Forums

WordPress › Support » How-To and Troubleshooting

[SERIOUS] numerous hacking attempts (12 posts)

  1. czhannes
    Member
    Posted 1 year ago #

    I have a really serious problems with my Wordpress site.

    It has been at least 4 times in last 7 days. I am running latest version, 2.6.1 with minimum plugins. All the hacks took a different form:

    1) complete redirect to another site
    2) changed links in posts / pages to another site
    3) theme changes, added malicious codes and ad scripts
    4) various files uploaded on the server

    I am pretty sure there are some undocumented exploits being actively used to hack my site. I was running 2.3 version before and thought that upgrading to latest version will fix everything, but it didn't change anything at all.

    I manually removed user "Wordpress" from table wp_users, which was somehow added and not listed in the Users page.

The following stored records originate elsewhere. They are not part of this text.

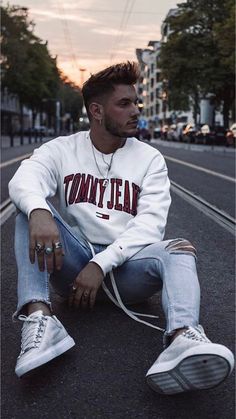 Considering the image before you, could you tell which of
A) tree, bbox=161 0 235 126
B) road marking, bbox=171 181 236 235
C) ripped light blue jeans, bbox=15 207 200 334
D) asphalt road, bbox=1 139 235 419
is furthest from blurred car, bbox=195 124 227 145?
ripped light blue jeans, bbox=15 207 200 334

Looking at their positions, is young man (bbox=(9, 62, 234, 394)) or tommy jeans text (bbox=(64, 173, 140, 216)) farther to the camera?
tommy jeans text (bbox=(64, 173, 140, 216))

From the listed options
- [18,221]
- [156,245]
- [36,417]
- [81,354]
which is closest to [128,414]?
[36,417]

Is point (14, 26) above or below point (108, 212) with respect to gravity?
above

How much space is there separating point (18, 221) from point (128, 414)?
1056 millimetres

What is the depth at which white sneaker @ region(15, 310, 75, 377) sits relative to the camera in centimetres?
227

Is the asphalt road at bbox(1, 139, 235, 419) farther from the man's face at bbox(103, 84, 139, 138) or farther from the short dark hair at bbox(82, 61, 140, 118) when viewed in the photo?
the short dark hair at bbox(82, 61, 140, 118)

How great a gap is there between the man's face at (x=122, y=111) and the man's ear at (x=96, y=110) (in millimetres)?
32

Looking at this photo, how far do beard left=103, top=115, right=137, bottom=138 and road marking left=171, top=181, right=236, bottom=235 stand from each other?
3680 mm

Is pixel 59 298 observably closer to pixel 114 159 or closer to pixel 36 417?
pixel 114 159

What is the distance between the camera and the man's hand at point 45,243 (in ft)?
8.46

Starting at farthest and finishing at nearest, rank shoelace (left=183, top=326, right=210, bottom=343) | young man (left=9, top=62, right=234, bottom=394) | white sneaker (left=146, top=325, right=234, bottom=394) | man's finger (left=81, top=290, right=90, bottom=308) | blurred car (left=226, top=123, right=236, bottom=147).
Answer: blurred car (left=226, top=123, right=236, bottom=147) < man's finger (left=81, top=290, right=90, bottom=308) < young man (left=9, top=62, right=234, bottom=394) < shoelace (left=183, top=326, right=210, bottom=343) < white sneaker (left=146, top=325, right=234, bottom=394)

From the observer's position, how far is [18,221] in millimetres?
2842

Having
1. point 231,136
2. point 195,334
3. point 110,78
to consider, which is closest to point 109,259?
point 195,334

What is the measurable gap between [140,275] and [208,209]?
5.59 metres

This account had most likely admin priviledges. I have no idea how he was able to add it to the database.

    Few minutes ago, I wasn't able to login into wp-admin folder - it always redirected back to root. I checked .htaccess and it was altered by someone.

    I also found these files in wp-content/uploads:

    hlaccess.php
    js_cache/tinymce_0545a56e85e54f37b23350e9b20137b3.gz (74632 B)
    js_cache/wp-load.php

    I edited all files with CHMOD 777 to 644 so noone can edit them without access to server/FTP.

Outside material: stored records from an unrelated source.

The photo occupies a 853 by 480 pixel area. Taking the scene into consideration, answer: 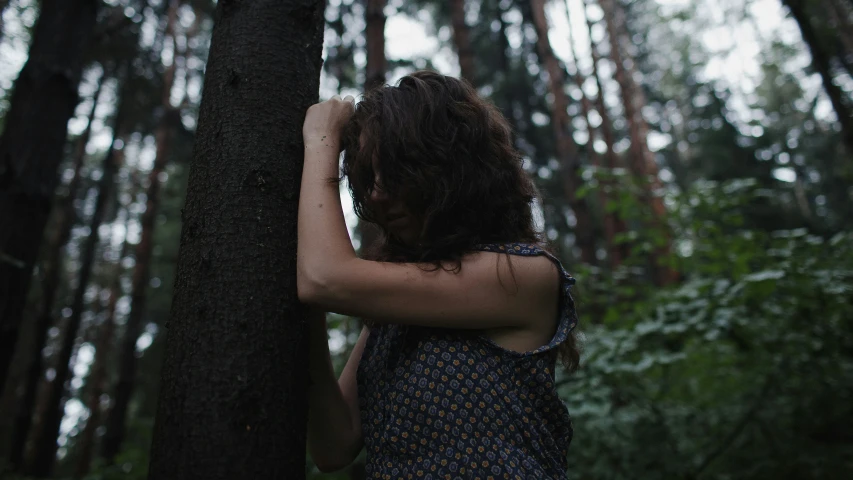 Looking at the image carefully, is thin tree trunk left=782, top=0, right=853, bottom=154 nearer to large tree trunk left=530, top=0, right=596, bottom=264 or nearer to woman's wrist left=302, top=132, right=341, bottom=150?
large tree trunk left=530, top=0, right=596, bottom=264

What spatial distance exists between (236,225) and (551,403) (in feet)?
2.81

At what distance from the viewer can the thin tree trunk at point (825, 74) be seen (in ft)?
19.2

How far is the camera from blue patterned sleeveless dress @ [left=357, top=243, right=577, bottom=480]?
1.15m

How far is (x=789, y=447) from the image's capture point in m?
3.57

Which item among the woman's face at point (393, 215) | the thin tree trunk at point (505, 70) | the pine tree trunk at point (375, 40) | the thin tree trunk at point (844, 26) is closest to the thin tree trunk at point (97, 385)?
the pine tree trunk at point (375, 40)

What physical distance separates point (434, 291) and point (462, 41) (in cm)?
768

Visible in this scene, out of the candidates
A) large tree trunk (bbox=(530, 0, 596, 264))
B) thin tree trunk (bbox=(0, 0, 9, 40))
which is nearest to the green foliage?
large tree trunk (bbox=(530, 0, 596, 264))

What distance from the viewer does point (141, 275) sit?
10219 millimetres

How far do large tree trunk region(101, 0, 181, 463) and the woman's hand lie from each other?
28.8 feet

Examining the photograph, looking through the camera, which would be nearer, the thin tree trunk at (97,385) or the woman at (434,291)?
the woman at (434,291)

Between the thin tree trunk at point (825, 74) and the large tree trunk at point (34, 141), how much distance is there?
274 inches

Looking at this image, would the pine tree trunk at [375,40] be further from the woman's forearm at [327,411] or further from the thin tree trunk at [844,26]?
the thin tree trunk at [844,26]

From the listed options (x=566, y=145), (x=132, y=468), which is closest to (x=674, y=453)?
(x=132, y=468)

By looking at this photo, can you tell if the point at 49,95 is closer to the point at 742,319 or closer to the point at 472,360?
the point at 472,360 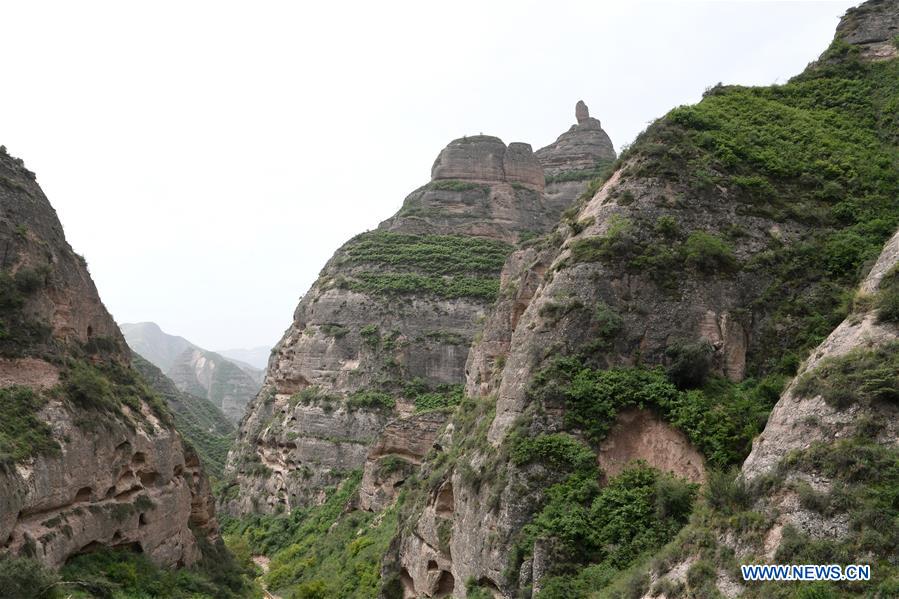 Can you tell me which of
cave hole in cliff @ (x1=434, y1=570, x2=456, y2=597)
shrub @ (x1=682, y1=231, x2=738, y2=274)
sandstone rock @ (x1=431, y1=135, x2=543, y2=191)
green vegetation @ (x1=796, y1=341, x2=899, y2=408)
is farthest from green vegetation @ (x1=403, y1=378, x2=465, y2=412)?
green vegetation @ (x1=796, y1=341, x2=899, y2=408)

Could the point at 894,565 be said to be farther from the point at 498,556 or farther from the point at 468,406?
the point at 468,406

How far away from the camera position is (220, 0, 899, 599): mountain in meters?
12.9

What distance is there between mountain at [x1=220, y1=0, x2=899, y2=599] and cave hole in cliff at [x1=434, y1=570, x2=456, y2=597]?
0.08m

    I changed my pass 3 times in last few days.

    I am quite desperate right now feeling that I have almost no power over my website. I am seriously considering moving to another platform or self-written CMS, however it's not an easy process with 400 000 comments and 10 000 posts.

    List of active plugins: Democracy, Email Users, Math Comment Spam Protection, Feedburner Feedpress, Paged Comments, Wp SuperCache.

    Please help me if it's possible...

  2. mikey1
    Member
    Posted 1 year ago #

    http://ocaoimh.ie/2008/06/08/did-your-wordpress-site-get-hacked/

  3. jdembowski
    Member
    Posted 1 year ago #

    I am pretty sure there are some undocumented exploits being actively used to hack my site. I was running 2.3 version before and thought that upgrading to latest version will fix everything, but it didn't change anything at all.

    I doubt it. Your profile shows that you were hacked before you upgraded. According to your old post someone got in months ago via ftp.

    Upgrading to 2.6.1 is a good start but it is not a fix. Unfortunately you've got a lot of work ahead of you to repair the damage that was done already.

    See this post from Donncha O Caoimh's often quoted blog. Read the whole article. Also you may want to install his exploit scanner. It's not a magic pill but it will help identify the extent of the compromise.

    Do you have separate backups of your files and your database? You'll need them plus you'll need to be able to restore everything if you need to put it all back in case you really mess up.

    You need to so this in baby steps. First install in a separate directory a new blank WordPress install without any plugins or theme. Do this on some box that is clean. Your PC running a local webserver (WAMP) will do. This is just to be able to clean things up.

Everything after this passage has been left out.